Probably Hedychium gardnerianum.

Nearly all plants sold as "Hawaiian native plants" are not native to Hawaii. Coffee, Chinese Hibiscus (sheesh, Hawaii has one of the highest concentrations of species of Hibiscus in the world and they ignore them to grow H. rosa-sinensis), Heliconias, all Orchids cultivated in Hawaii (they have precisely 3 obscure natives) including and especially the ubiquitous "Grass Orchids" (from China), Bromeliads (including Pineapples), Anthuriums, etc, are not really natives at all.

There are no native Gingers in Hawaii, but one from the eastern Himalaya escaped cultivation and is now ubiquitous in Hawaii and has a Hawaiian name: Khahili. It is an AGRESSIVE plant, declared a weed in many subtropical climates of the world. Pigeons learn to eat the arils and they spread the seed all over, and the rhizomes are capable of growing on bare lava.

It is fairly coldhardy and should survive in Virginia Beach, at least once established. Don't disturb it until it starts growing in earnest in warmer weather. When growing in earnest it transplants easily. Harden it off a bit before planting it out.

We don't know that this is what you have, but it is a likely candidate, as it is strongly associated with Hawaii, has a typical gingery-looking rhizome, and is very commonly sold as a "Hawaiian native plant".

Another possibility is an Alpinia (maybe zerumbet) and those aren't nearly as hardy.

Look up both Hedychium gardnerianum and Alpinia zerumbet (sp?) and see which one your plant looks more like.

If it is the Hedychium getting it to bloom shouldn't be too much of a problem. It will just need to bulk up a bit (mine has a rhizome weighing around 50 lbs). Your specimen is probably quite small compared to its ultimate size. Hedychiums grow fast when conditions are right. Full sun, rich soil, and plenty of water and fertilizer suit them. Don't worry about them not blooming if you feed them: they are greedy feeders and will bloom in season once they have enough rhizomal reserves. Let them get crowded (that will encourage them to bloom), and don't divide them unless they are actively growing. They are easy to propagate from fresh seed. They like LOTS of water in hot weather when they are growing in earnest, but they like to dry out a bit in cold weather. It is evergreen, but in your climate the foliage will freeze off during hard freezes. This does not kill them, and sets them back only slightly. They bounce right back in the springtime.

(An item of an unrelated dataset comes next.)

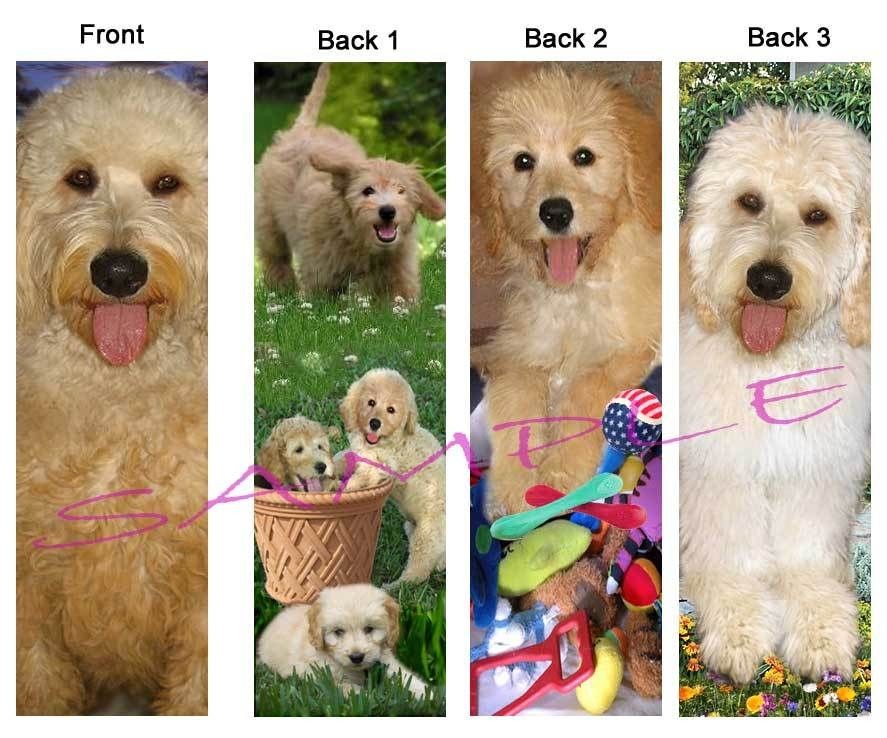 Set GOLDENDOOD​LE Labradoodle BOOKMARKS Dog puppies book CARD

The flowers vary in color. They can be yellowish or greenish, and one that I suspect is a natural hybrid is orange (that's the one I have). They are quite fragrant, probably more so at night than in the day, and the fragrance is excellent. Mine smells like Hyacinth blossoms very late at night, but I do not know if they all have the same scent. It is a variable plant. Some forms are tall (over 6 feet) and some are short, around 4 feet.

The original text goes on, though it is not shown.